Nísia também chamou atenção para o papel das redes de intelectuais e militantes que atuam nas favelas e periferias, destacando a importância da articulação com esses grupos. “Existem hoje muitos intelectuais com uma militância local, nas favelas, nas periferias... Isso tem que vir para junto também”, defendeu.

Entre as propostas apresentadas, a ex-ministra destacou a necessidade de uma análise aprofundada da Arguição de Descumprimento de Preceito Fundamental (ADPF) nº 635, que trata das operações policiais, além da adoção de medidas imediatas para conter novas ações violentas. “Acho que, de imediato, alguma forma de contenção a que novas ações desse tipo aconteçam tem que ser um objetivo”, afirmou.

Nísia lembrou, ainda, a importância de acompanhar criticamente as justificativas oficiais das operações, como a recente declaração do secretário de polícia sobre o uso de helicópteros. “E, mais imediato, na coletiva, o secretário de polícia disse que não havia sido usado o helicóptero para dar tiros. Isso me chamou a atenção, porque essa era uma reivindicação muito importante dos movimentos, inclusive na Rede da Maré, onde essa pauta é muito forte, como parte de uma proposta alternativa de segurança. Essa questão dos helicópteros sempre foi central, e o secretário usou esse argumento na sua retórica para apresentar o que chamou de uma política mais ‘cirúrgica’, uma operação com efeitos colaterais pequenos, segundo o discurso dele”.

Encerrando sua fala, ela destacou a necessidade de continuidade e unidade na atuação das entidades científicas e sociais.

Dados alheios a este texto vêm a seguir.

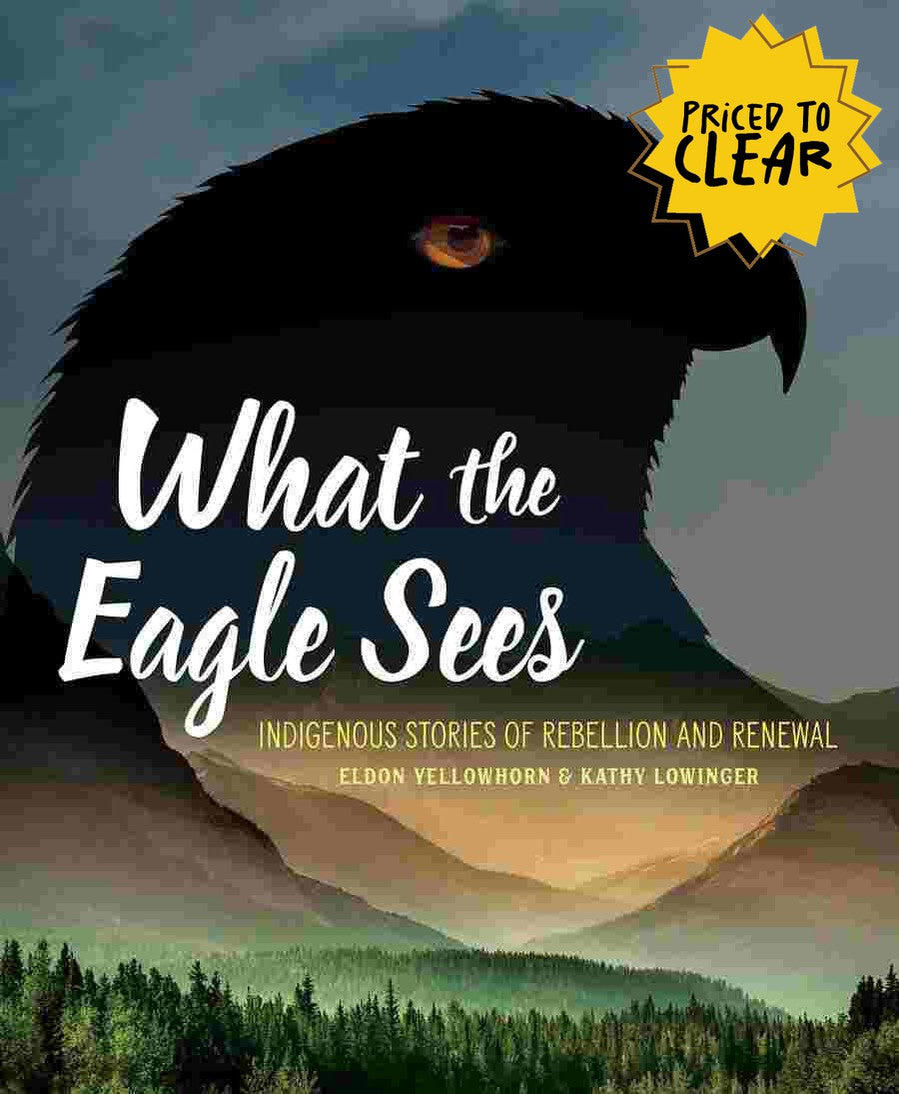 What the Eagle Sees : Indigenous Stories of Rebellion and Renewal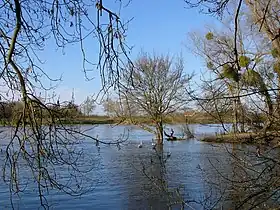 Confluence du Loiret avec la Loire à la pointe de Courpain, Saint-Pryvé-Saint-Mesmin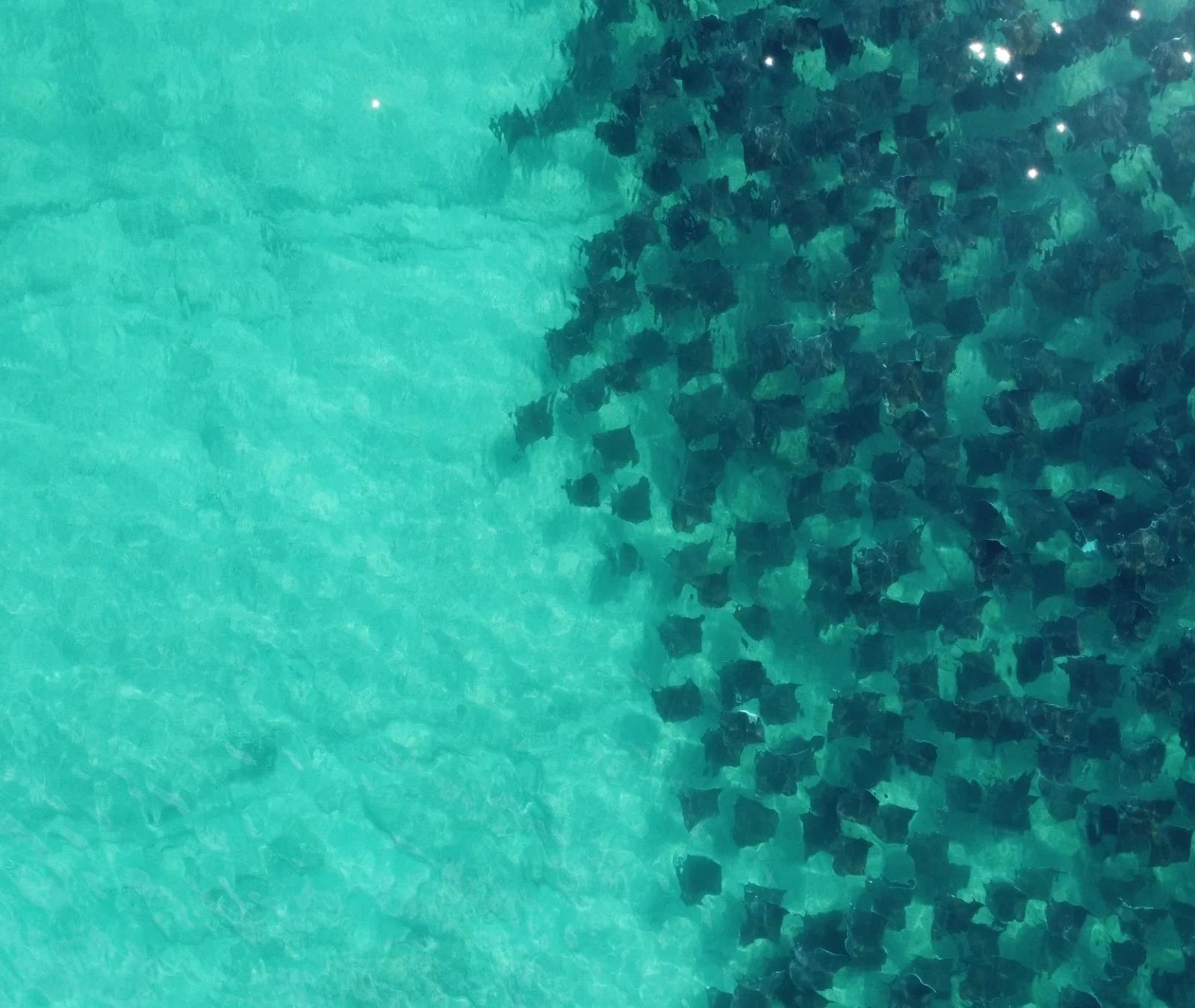 Banco de móbulas visto desde el aire en aguas turquesa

O evento consolidou-se como um marco de mobilização científica e social diante da violência de Estado, reforçando o papel da pesquisa e do pensamento crítico na defesa da democracia e dos direitos humanos.   Como encaminhamento, a mesa sugeriu a publicação de um informe que reafirme o compromisso coletivo de enfrentar a barbárie com conhecimento, solidariedade e ação conjunta.